Jean Asselborn au sujet du processus de paix israélo-palestinien

Heckmann: Schönen guten Morgen, Herr Asselborn!

Jean Asselborn: Guten Tag, Herr Heckmann.

Heckmann: Herr Asselborn, Netanjahu hat gesagt, Verhandlungen auf der Grundlage der Grenzen von '67 sind nicht möglich, Jerusalem sei unteilbar und es werde auch kein Rückkehrrecht für palästinensische Flüchtlinge geben. Wie bewerten Sie seinen Auftritt in Washington?

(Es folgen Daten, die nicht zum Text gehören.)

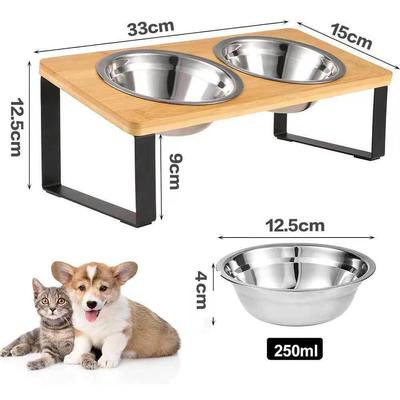 Bambus & Edelstahl Katze und kleiner Hund Napf Futterspender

Jean Asselborn: Ja, man muss natürlich die Welt so nehmen, wie sie halt ist. Ich finde, dass der Leader der israelischen Regierung, Herr Netanjahu, der ja eigentlich alles macht, dass Verhandlungen mit den Palästinensern nicht vom Fleck kommen, dass er großen Beifall bekommt im Kongress, dass viele sich von den Stühlen haben reißen lassen von seiner Rede, dass vor allem die Republikanische Partei ja im Kongress sich wirklich ein tolles Echo gegeben hat an Premierminister Netanjahu. Die Leader der Palästinenser, Abbas und Fayyad, die ja wirklich alles tun, die ja wirklich alles tun, moderate akkurate Leute, um dem palästinensischen Volk wieder in der Westbank, in Ostjerusalem, in Gaza - denn das ist Palästina -, die dort leben, eine Regierung zu geben, die das Existenzrecht Israels natürlich anerkennt, auf Gewalt verzichtet, bereit ist, Konzessionen zu machen, die finden keine Anerkennung. Viel weniger: Man glaubt - das ist der erste Gedanke, der mir durch den Kopf gegangen ist, als ich die Bilder aus Amerika sah, dass man annehmen muss, dass das Gesetz des Stärkeren noch immer Hochkonjunktur hat auch in diesen Zeiten -, ich glaube, die Aussage Obamas, dass die Grenzen von '67, dass das die Basis ist von Verhandlungen, das ist in drei Teile geteilt. Erstens will er damit sagen, dass Palästina aus drei Teilen besteht, Ostjerusalem, Westbank, Gaza, dass man den Siedlungsstopp der israelischen Politik, dass man den stoppen muss, also Siedlungspolitik stoppen muss, und dass es aber möglich ist - das sagt er ja auch -, dass es einen Gebietsaustausch geben kann. Das ist für mich, diese Zurückweisung ist politische Arroganz, denn ich glaube, das ist sehr Besorgnis erregend, was der Premierminister von Israel macht, Obama zu sagen, er hätte keine Ahnung vom Nahost-Prozess.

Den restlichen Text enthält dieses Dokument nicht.